The MDGs have remained a consistent and important thread of the Davos story, though not always a headline-making one. In focusing all sectors on the ambitious goals to halve the number of people living in extreme poverty, the MDGs have mitigated so many of the social and economic concerns of the WEF audience.

Goals as ambitious as the MDGs stay relevant only when inspiring leaders champion them. You might be surprised to learn that one of the most important MDG champions has been Norway.

Norway's new prime minister, Erna Solberg, hosted this year's MDG event at Davos, along with the United Nations Secretary-General Ban Ki-moon and President Paul Kagame of Rwanda. Solberg has just been named co-chair, with Kagame, of the esteemed group known as the MDG Advocates. She brings a fresh perspective on the MDGs, focusing this year's event on accelerating progress through the empowerment of girls, who must have improved access to health and education if we want to meet the MDGs and create more just and healthy communities.

When we think about donor countries to global aid we typically think of the United States, the United Kingdom, Germany or France. But with $4.75 billion going to foreign aid last year, Norway is not only in a top-ten donor country in absolute dollars, but it's in the top three as a percentage of Gross National Income (GNI). Solberg's commitment to health and education for girls builds upon a strong legacy of Norwegian support of women and children's health.
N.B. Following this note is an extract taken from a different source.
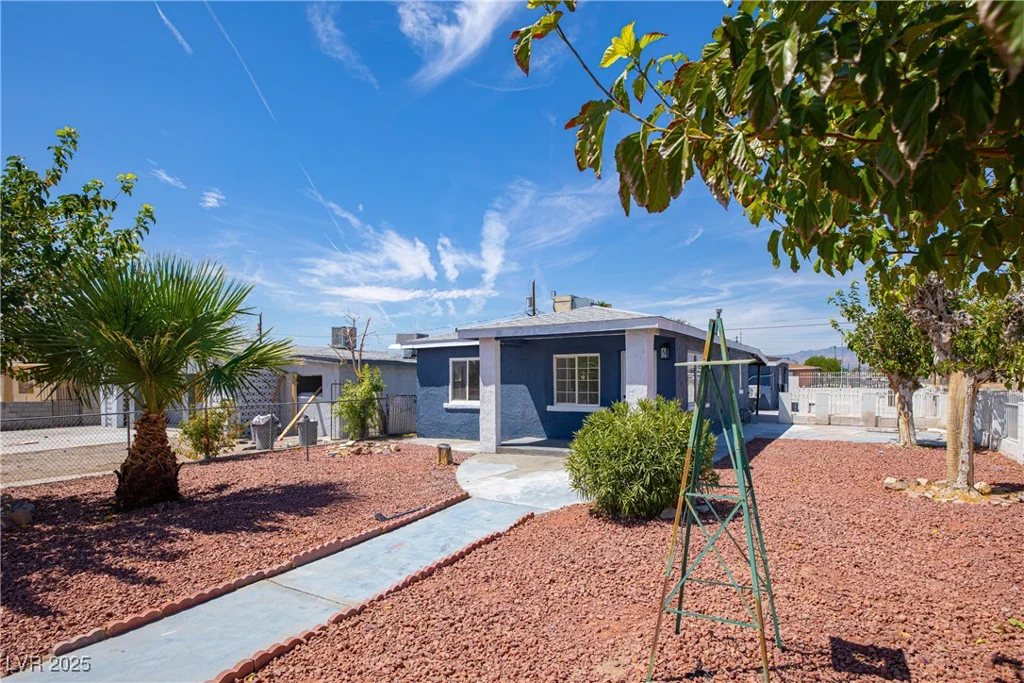 1117 Cunningham, Las Vegas, NV 89106
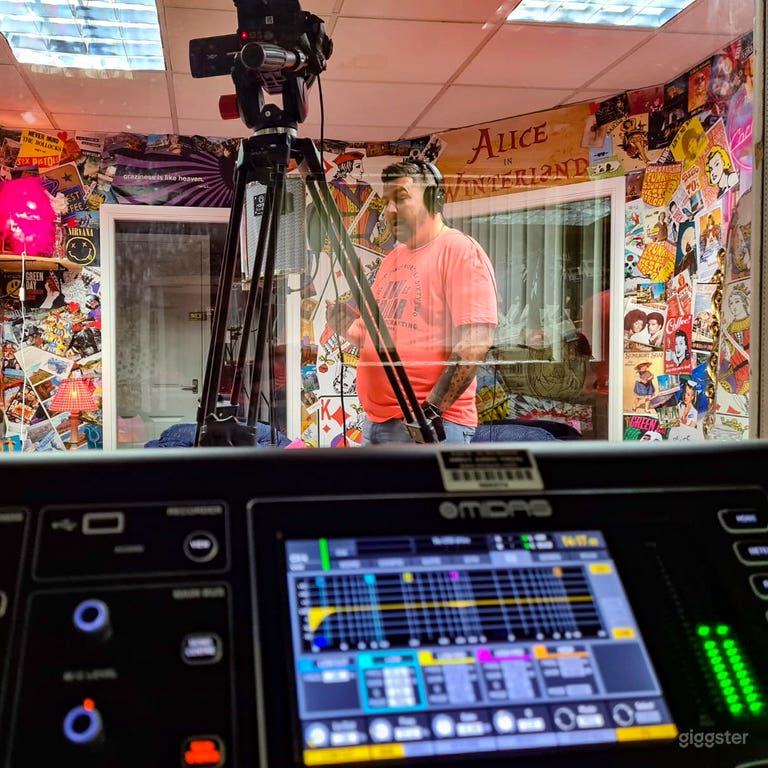  Studio on North Wales Border - Multiple Spaces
Norway remains one of only five countries in the world to exceed the UN target of 0.7 percent of GNI going to development assistance, and it has done so consistently for more than 30 years. In 2010, despite the financial crisis, Norway pledged $500 million for women and children's health through 2020. They have consistently increased their contribution to the Global Fund to Fight AIDS, Tuberculosis and Malaria, committing $750 million with Sweden, Finland, Denmark and Iceland for 2014-2016. Norway also committed to doubling its annual contribution to the GAVI Alliance (which increases access to life-saving immunizations), with total direct aid from 2000 to 2015 exceeding $1 billion. And last year's $200 million contribution to a larger family planning effort will help 120 million people in the poorest countries access reproductive health services.

Norway's financial commitment to women and children's health is exemplary, as is their political leadership. Solberg's predecessor, Jens Stoltenberg, kept development assistance high on their national agenda when others did not, and most recently chaired the UN Commission on Life-Saving Commodities for Women and Children. Solberg has gracefully taken the torch and fueled the flame, as we see with the focus of the MDG Advocates yesterday on adolescent girls and a specific commitment from Norway to invest in girl's education. Norway continues to promote tangible solutions to problems they could easily look away from.

At yesterday's event my office was honored to present a plan -- developed in partnership with Norway and others -- to save the lives of additional one million children needed to achieve the child health goal (MDG 4) by December 31, 2015. Our plan is a bold expression of confidence that the health MDGs can be met. On the occasion of Davos, I am hopeful for our success, in great part because Norway is helping to lead the way.